Dataset excerpts
== Segment start ==

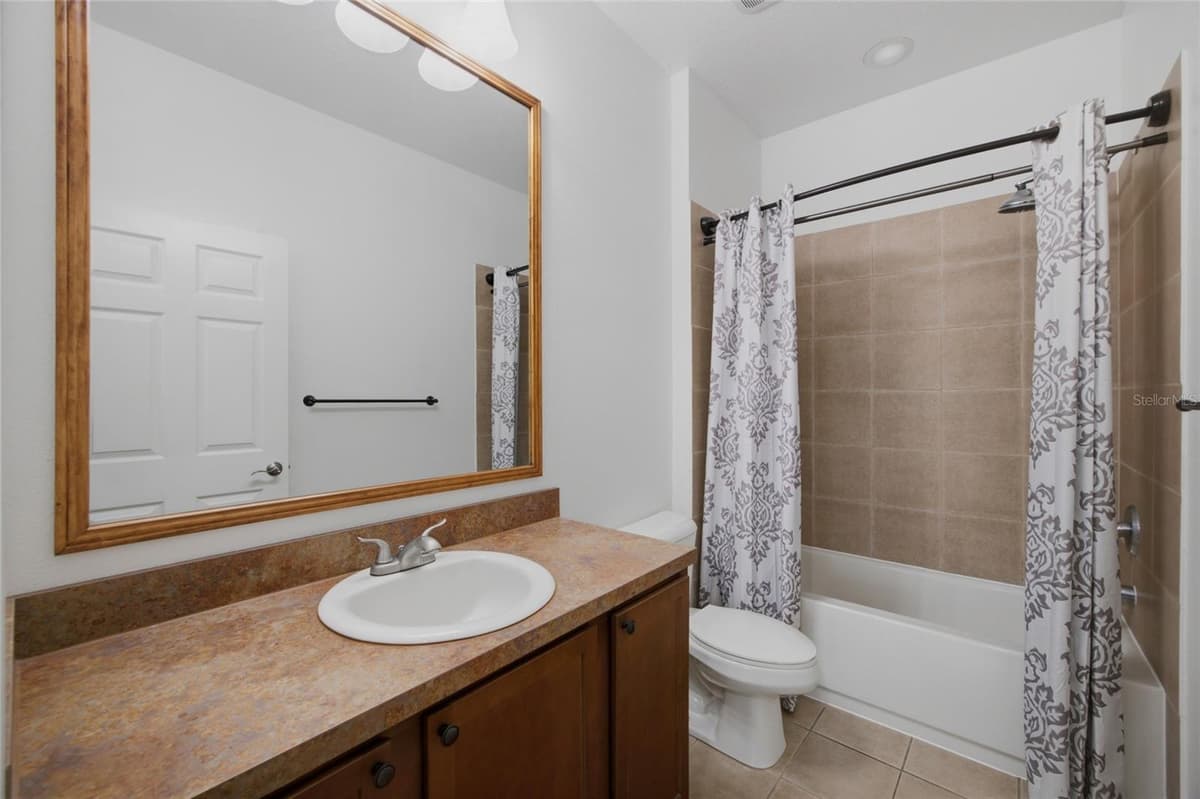 8205 12TH STREET — photo 18 of 22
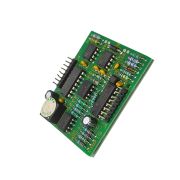 Honeywell 05701-A-0284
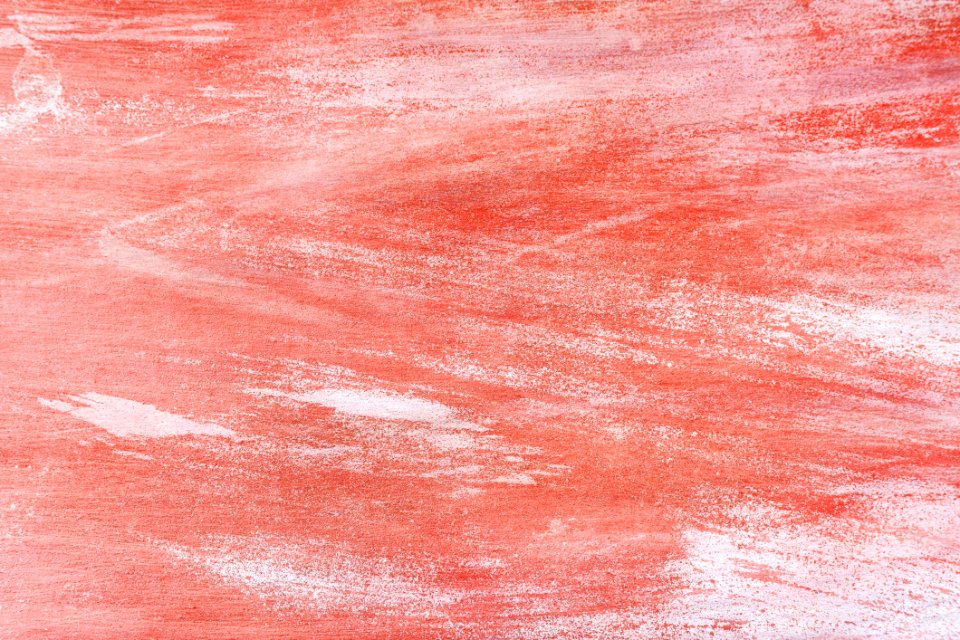 Red Pink Orange Texture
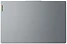 Lenovo IdeaPad Slim 3 15ABR8 (82XM00DLRK)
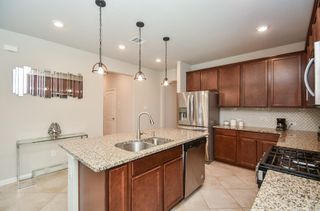 5023 Lord Crest Lane, Katy, TX 77493
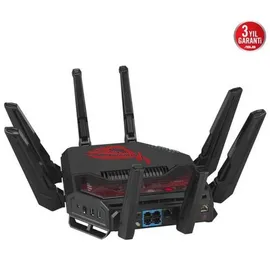 Asus ROG GT-BE19000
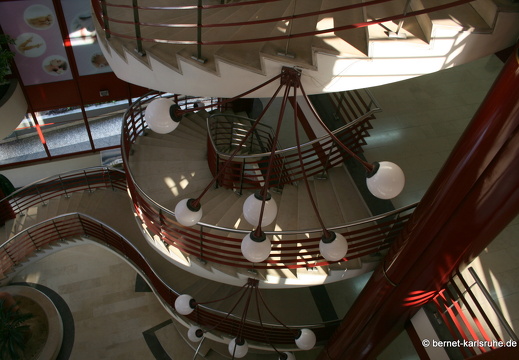 12-03-13-funchal-oudinot-208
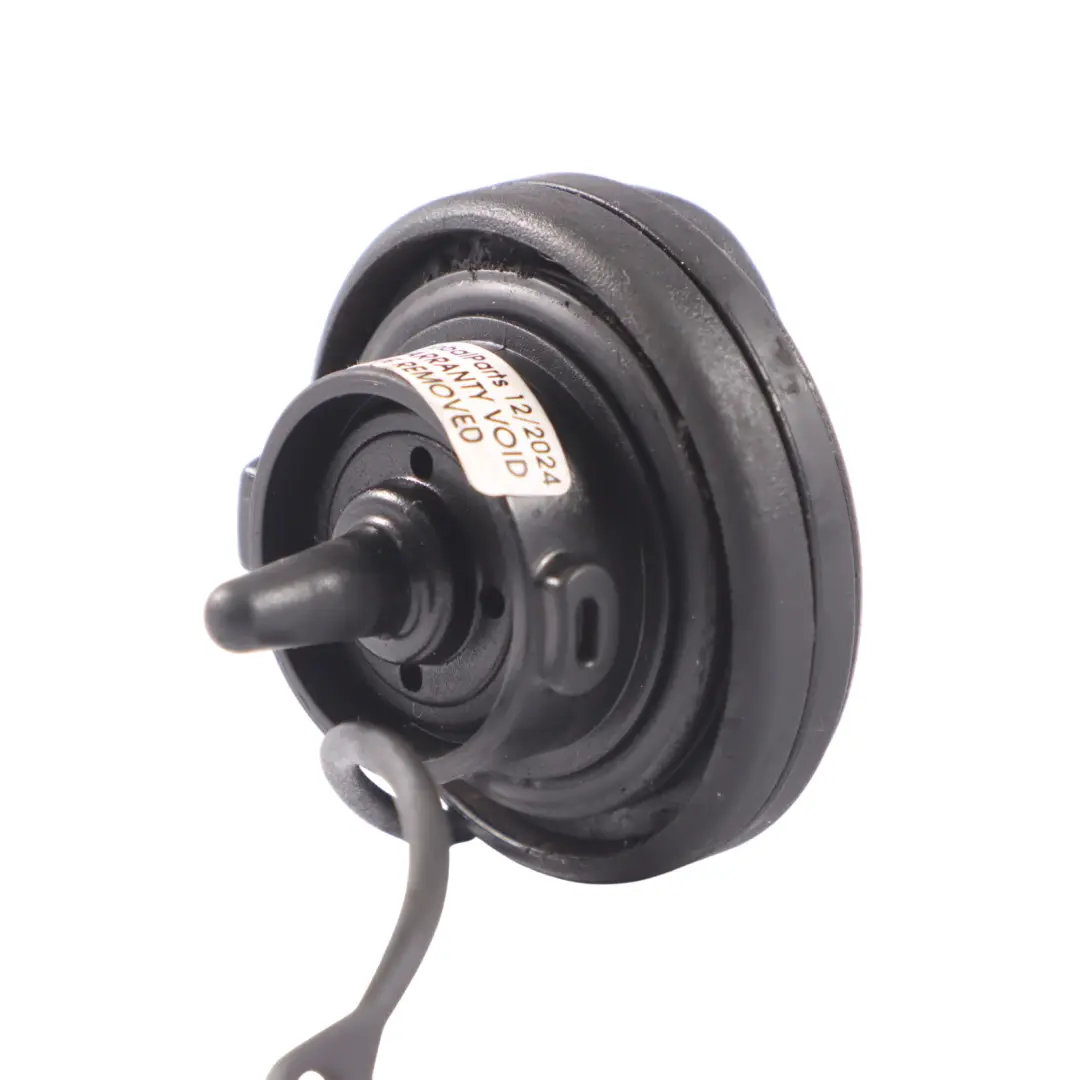 serbatoio carburante vite tappo copertura Trim per Audi Q3 SE TDI Diesel con numero di parte 3C8201550B Audi Q3 SE TDI Diesel serbatoio carburante vite tappo copertura Trim - SKU 3C8201550B - Numero di parte 3C8201550B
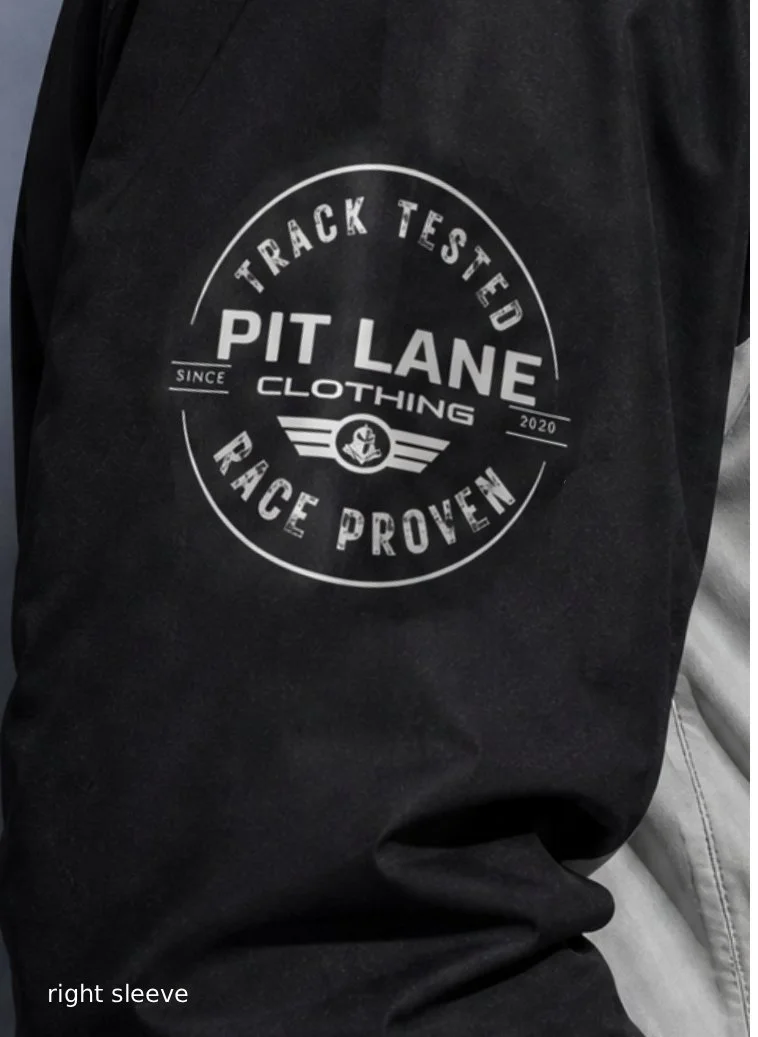 plcrightsleeve.jpg
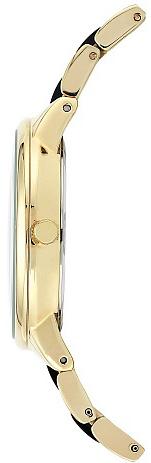 Anne Klein 1412BKGB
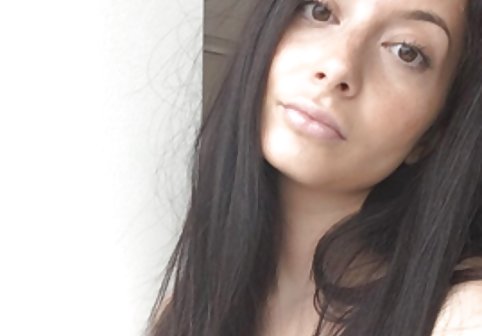 BaDoinkVR واقعیت مجازی POV ASIAN BABES تالیف صفحه 1 دانلود سکس زوری خارجی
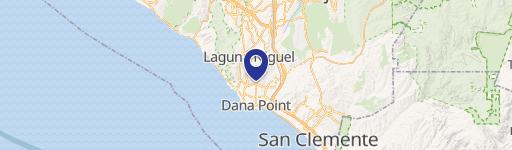 32505 Golden Lantern St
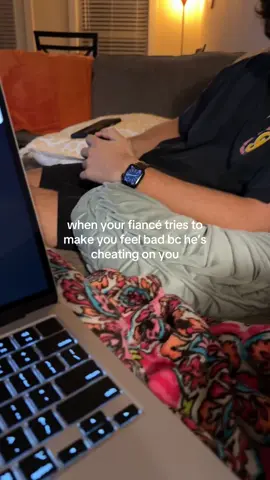 he’s the biggest gaslighter #cheater #tinder #relatable #cheatersgettingcaught #messytiktok 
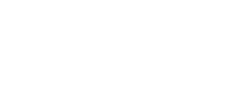 MRC de Rimouski-Neigette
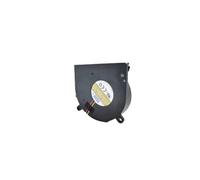 RTDPART Mini Ventola di Raffreddamento silenziosa per BATA0715B2H 12V PWM con Controllo della Temperatura, Nuova
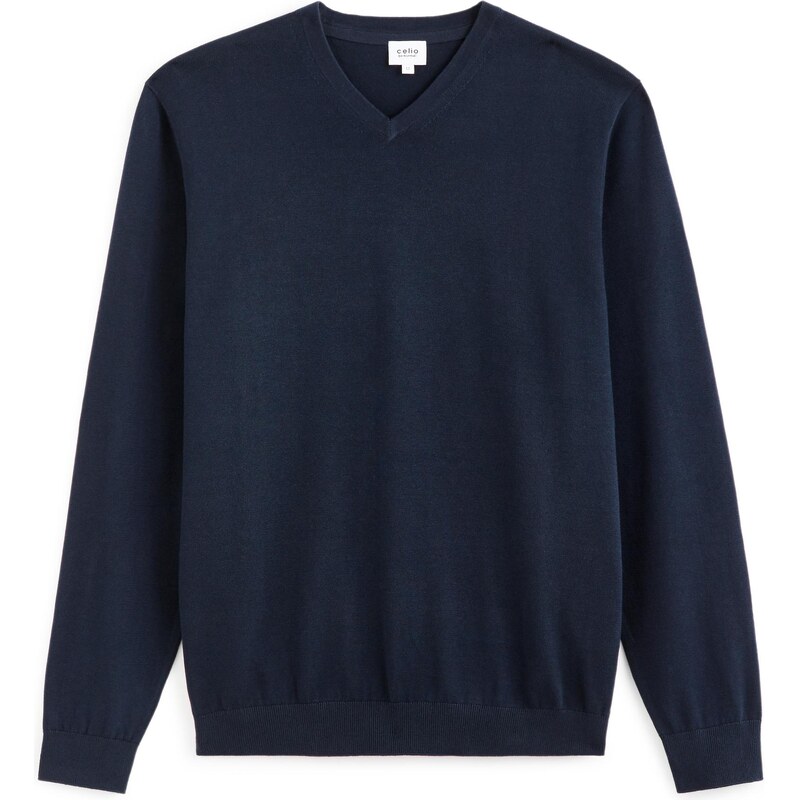 Pánsky sveter Celio 50593597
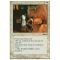 Repentant Blacksmith Thumb Nail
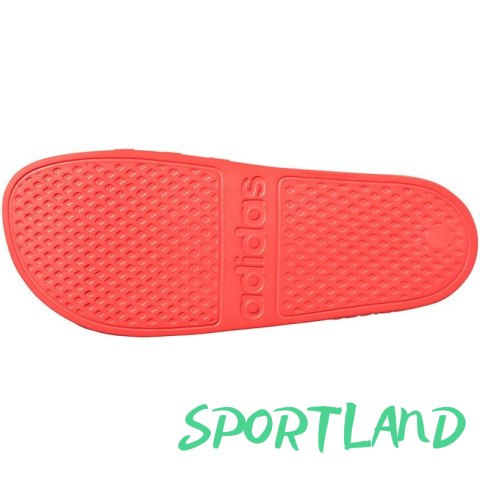Klapki adidas Adilette Aqua Slide U GZ5235 42 Klapki adidas Adilette Aqua Slide U GZ5235 42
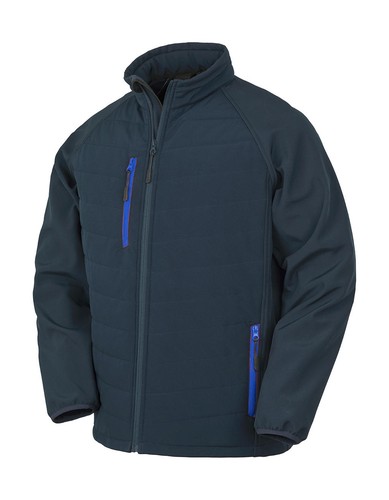 Result black herren - herren, compass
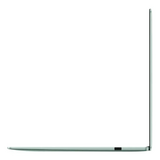 HUAWEI ноутбугі MateBook 14 intel core Ultra 5 125H 16GB / SSD 1TB / Arc graphics / NO OS / FlemingH-W5611T - фото 4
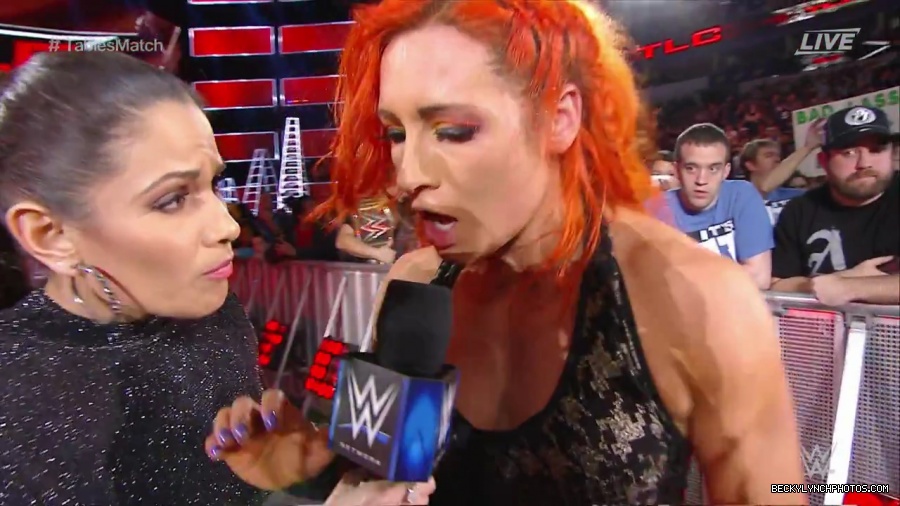 WWE_TLC_2016_PPV_720p_WEB_h264-HEEL_mp41144.jpg
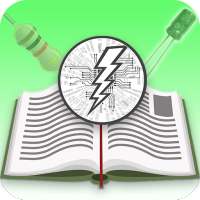 EUB - Engineering Urdu Books by Khalid Khan on 9Apps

== Segment end ==

Exercise instructions
When you return the listing, keep each line exact and leave the pictures out.

Task result
 8205 12TH STREET — photo 18 of 22
 Honeywell 05701-A-0284
 Red Pink Orange Texture
 Lenovo IdeaPad Slim 3 15ABR8 (82XM00DLRK)
 5023 Lord Crest Lane, Katy, TX 77493
 Asus ROG GT-BE19000
 12-03-13-funchal-oudinot-208
 serbatoio carburante vite tappo copertura Trim per Audi Q3 SE TDI Diesel con numero di parte 3C8201550B Audi Q3 SE TDI Diesel serbatoio carburante vite tappo copertura Trim - SKU 3C8201550B - Numero di parte 3C8201550B
 plcrightsleeve.jpg
 Anne Klein 1412BKGB
 BaDoinkVR واقعیت مجازی POV ASIAN BABES تالیف صفحه 1 دانلود سکس زوری خارجی
 32505 Golden Lantern St
 he’s the biggest gaslighter #cheater #tinder #relatable #cheatersgettingcaught #messytiktok 
 MRC de Rimouski-Neigette
 RTDPART Mini Ventola di Raffreddamento silenziosa per BATA0715B2H 12V PWM con Controllo della Temperatura, Nuova
 Pánsky sveter Celio 50593597
 Repentant Blacksmith Thumb Nail
Klapki adidas Adilette Aqua Slide U GZ5235 42 Klapki adidas Adilette Aqua Slide U GZ5235 42
 Result black herren - herren, compass
 HUAWEI ноутбугі MateBook 14 intel core Ultra 5 125H 16GB / SSD 1TB / Arc graphics / NO OS / FlemingH-W5611T - фото 4
 WWE_TLC_2016_PPV_720p_WEB_h264-HEEL_mp41144.jpg
 EUB - Engineering Urdu Books by Khalid Khan on 9Apps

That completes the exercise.